Kinerja Manufaktur Indonesia Terus Menurun

Indeks Kepercayaan Industri (IKI) Indonesia pada Juni 2025 masih berada di fase ekspansi dengan indeks 51,84 (indeks >50). Lebih rendah dibanding Mei 2025 (52,11) dan Juni 2024 (52,50).
Juru Bicara Kementerian Perindustrian (kemenperin) Febri Hendri Antoni Arif menyatakan, pelemahan IKI dipicu penurunan variabel produksi ke level kontraksi 46,64 (indeks <50), kendati variabel pesanan naik signifikan ke level 54,21.
Hal itu mencerminkan kehati-hatian pelaku industri merespons kenaikan permintaan melalui produk yang telah diproduksi sebelumnya, menimbang ketidakpastian yang meningkat.
“Meski IKI Juni 2025 melambat, 18 dari 23 subsektor masih berada di zona ekspansi, dengan kontribusi 18 subsektor itu terhadap PDB industri nonmigas triwulan satu 2025 mencapai 92,2 persen. Itulah kenapa manufaktur Indonesia Juni 2025 masih ekspansif,” kata Febri melalui keterangan resmi, Selasa (1/7/2025).
Tiga subsektor dengan kinerja terbaik sepanjang Juni 2025 adalah Industri Alat Angkutan Lainnya (KBLI 30), Industri Pengolahan Tembakau (KBLI 12), dan Industri Bahan Kimia serta Barang dari Bahan Kimia (KBLI 20).
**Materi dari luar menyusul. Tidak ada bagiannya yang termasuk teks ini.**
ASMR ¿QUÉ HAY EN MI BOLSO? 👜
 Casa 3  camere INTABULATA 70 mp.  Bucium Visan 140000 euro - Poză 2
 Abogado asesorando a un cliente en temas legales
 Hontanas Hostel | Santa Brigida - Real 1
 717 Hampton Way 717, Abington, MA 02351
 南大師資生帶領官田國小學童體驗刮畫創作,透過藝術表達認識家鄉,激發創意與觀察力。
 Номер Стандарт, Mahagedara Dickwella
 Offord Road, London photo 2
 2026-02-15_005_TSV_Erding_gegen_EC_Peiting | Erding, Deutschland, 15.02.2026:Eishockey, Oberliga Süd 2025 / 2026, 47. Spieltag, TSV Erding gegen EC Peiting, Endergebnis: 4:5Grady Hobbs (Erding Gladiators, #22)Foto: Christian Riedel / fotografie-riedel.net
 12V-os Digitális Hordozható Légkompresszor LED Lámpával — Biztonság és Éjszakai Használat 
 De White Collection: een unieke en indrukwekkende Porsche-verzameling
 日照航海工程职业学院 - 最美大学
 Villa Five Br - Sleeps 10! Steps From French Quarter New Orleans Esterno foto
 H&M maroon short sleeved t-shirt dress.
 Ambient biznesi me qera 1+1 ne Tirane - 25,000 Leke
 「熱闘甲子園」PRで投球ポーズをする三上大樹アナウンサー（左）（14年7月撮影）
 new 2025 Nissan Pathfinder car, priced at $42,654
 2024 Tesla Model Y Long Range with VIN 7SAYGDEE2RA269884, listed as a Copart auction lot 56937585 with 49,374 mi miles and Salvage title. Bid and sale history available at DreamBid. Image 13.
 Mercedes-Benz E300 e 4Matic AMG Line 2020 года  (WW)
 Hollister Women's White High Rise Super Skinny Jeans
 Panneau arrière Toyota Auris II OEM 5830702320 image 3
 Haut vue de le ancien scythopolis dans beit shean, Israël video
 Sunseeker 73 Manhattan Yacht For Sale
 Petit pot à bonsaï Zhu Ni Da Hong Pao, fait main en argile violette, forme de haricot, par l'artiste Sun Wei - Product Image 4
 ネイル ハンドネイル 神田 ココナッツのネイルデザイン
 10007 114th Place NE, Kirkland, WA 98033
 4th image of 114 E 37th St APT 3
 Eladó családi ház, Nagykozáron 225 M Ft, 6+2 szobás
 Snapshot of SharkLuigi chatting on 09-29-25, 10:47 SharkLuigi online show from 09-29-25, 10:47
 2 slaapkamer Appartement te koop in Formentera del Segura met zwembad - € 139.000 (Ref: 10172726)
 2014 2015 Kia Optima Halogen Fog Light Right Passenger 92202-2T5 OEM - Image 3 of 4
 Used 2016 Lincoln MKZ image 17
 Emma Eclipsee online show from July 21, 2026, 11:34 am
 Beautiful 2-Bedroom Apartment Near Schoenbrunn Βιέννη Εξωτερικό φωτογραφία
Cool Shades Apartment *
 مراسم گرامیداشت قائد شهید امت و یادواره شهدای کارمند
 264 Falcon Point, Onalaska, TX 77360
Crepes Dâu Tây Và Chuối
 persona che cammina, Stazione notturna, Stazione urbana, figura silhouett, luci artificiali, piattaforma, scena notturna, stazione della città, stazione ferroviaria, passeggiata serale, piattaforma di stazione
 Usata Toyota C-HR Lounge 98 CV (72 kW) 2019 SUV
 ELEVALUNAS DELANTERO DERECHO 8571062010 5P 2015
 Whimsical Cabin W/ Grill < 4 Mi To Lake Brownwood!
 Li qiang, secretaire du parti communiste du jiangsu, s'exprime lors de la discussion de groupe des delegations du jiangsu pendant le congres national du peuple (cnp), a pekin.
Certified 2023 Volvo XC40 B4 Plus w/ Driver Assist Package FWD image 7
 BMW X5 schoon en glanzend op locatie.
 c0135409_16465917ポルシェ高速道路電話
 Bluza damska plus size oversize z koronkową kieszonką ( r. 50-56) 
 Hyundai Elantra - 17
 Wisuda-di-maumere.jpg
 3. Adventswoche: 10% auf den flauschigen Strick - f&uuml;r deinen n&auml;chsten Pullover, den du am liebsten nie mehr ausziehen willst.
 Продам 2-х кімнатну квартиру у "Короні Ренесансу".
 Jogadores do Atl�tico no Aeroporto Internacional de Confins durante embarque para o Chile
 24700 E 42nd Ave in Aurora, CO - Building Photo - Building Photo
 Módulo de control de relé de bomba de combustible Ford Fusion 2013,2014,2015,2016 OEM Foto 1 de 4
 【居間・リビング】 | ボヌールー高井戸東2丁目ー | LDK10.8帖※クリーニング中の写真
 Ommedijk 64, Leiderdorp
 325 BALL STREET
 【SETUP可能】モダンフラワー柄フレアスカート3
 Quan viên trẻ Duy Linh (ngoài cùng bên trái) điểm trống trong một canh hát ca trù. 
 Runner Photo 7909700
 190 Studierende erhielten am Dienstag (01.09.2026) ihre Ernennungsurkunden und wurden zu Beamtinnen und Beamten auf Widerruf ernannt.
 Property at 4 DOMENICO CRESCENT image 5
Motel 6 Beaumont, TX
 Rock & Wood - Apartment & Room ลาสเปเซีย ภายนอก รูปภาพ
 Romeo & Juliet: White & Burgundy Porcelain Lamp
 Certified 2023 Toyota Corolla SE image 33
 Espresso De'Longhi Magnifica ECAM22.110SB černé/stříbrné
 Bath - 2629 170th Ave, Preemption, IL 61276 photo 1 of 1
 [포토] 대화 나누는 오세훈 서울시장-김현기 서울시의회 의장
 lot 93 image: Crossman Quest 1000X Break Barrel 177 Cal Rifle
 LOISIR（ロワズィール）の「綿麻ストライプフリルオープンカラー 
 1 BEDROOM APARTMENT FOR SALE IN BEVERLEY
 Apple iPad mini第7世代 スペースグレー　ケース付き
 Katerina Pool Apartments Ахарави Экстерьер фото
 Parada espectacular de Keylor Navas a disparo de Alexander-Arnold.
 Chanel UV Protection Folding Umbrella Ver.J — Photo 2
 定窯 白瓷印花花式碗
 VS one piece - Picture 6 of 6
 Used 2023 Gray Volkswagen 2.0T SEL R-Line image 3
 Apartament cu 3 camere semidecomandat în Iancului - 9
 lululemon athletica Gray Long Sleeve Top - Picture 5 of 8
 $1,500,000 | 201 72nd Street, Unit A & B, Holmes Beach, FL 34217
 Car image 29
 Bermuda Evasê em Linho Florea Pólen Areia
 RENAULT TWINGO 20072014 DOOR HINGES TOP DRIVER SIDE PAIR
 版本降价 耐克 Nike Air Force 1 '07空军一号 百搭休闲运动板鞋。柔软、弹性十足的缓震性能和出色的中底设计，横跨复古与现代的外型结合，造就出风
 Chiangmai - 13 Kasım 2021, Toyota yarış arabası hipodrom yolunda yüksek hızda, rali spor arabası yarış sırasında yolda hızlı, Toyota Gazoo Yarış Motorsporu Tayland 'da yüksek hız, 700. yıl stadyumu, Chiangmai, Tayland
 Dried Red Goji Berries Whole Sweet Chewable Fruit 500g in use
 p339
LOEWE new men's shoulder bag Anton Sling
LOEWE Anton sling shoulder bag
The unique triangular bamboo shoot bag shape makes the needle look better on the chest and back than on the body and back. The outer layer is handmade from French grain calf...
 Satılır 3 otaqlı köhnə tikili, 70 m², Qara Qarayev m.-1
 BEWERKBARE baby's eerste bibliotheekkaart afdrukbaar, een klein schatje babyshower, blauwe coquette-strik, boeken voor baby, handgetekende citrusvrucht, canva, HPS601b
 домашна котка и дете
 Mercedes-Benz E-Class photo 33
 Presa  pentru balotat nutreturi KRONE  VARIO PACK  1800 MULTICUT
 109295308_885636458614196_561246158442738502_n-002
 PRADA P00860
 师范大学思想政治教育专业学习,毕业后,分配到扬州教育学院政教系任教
“Meskipun industri pengolahan tembakau dalam fase ekspansi dan masuk tiga subsektor dengan nilai IKI terbesar, variabel produksinya mengalami kontraksi,” jelas Febri.
Beberapa faktor yang mempengaruhinya dalah penerapan cukai yang cukup tinggi sehingga mendorong maraknya rokok ilegal, adanya aturan terkait penyeragaman kemasan rokok (plain packaging) yang membuat beberapa produsen memilih wait and see, serta kekhawatiran konflik di Timur Tengah yang mengganggu logistik.
Sementara lima subsektor mengalami kontraksi, akibat melemahnya permintaan dalam dan luar negeri. Yaitu, Industri Kulit, Barang dari Kulit dan Alas Kaki (KBLI 15), Industri Komputer, Barang Elektronik dan Optik (KBLI 26), Industri Peralatan Listrik (KBLI 27), Industri Mesin dan Perlengkapan YTDL (KBLI 28), dan Reparasi dan Pemasangan Mesin dan Peralatan (KBLI 33).
Kontraksi subsektor alas kaki antara lain akibat merosotnya permintaan ekspor, dari USD809,14 juta (Maret) menjadi USD634,88 juta (April), turun 21,54 persen. Pelemahan ekspor terjadi hampir merata, termasuk ke Amerika Serikat yang menurun hingga 21,51 persen.
“Walaupun begitu, subsektor ini tetap mencatat lonjakan investasi dari Rp2,29 triliun menjadi Rp7,03 triliun pada triwulan satu 2025 dengan utilisasi produksi masih tinggi,” papar Febri.
Baca juga: Pesanan Baru Mei 2025 Meningkat Lagi, Kepercayaan Industri Kembali Naik
IKI sektor industri berorientasi ekspor tercatat sebesar 52,19 (turun 0,14 poin dari Mei), dan sektor domestik 51,32 (turun 0,50 poin), dipengaruhi oleh ketidakpastian global seperti kebijakan tarif AS yang mengganggu rantai pasok, serta kenaikan harga energi dunia terutama harga gas akibat peningkatan eskalasi konflik di Timur Tengah.
Meskipun IKI terus menurun, keyakinan pelaku industri terhadap prospek usaha dalam enam bulan ke depan masih cukup terjaga.
Ditunjukkan oleh tingkat optimisme yang mencapai 65,8 persen dan yang pesimis hanya 9,0 persen. Namun, optimisme pelaku usaha itu terus menurun sejak November 2024 yang tercatat 73,4 persen. Terutama karena eskalasi konflik di Timur Tengah, yang membuat pelaku industri khawatir terhadap lonjakan harga energi dan biaya logistik.
Secara keseluruhan, mayoritas pelaku industri mencatat perbaikan atau stabilitas usaha pada Juni 2025. Sebanyak 32,1 persen menyatakan kondisi usahanya membaik (naik dari 28,9 persen bulan sebelumnya), 45,1 persen menyatakan stabil, dan 22,8 persen menyatakan penurunan kondisi usaha dibanding 25,7 persen pada Mei.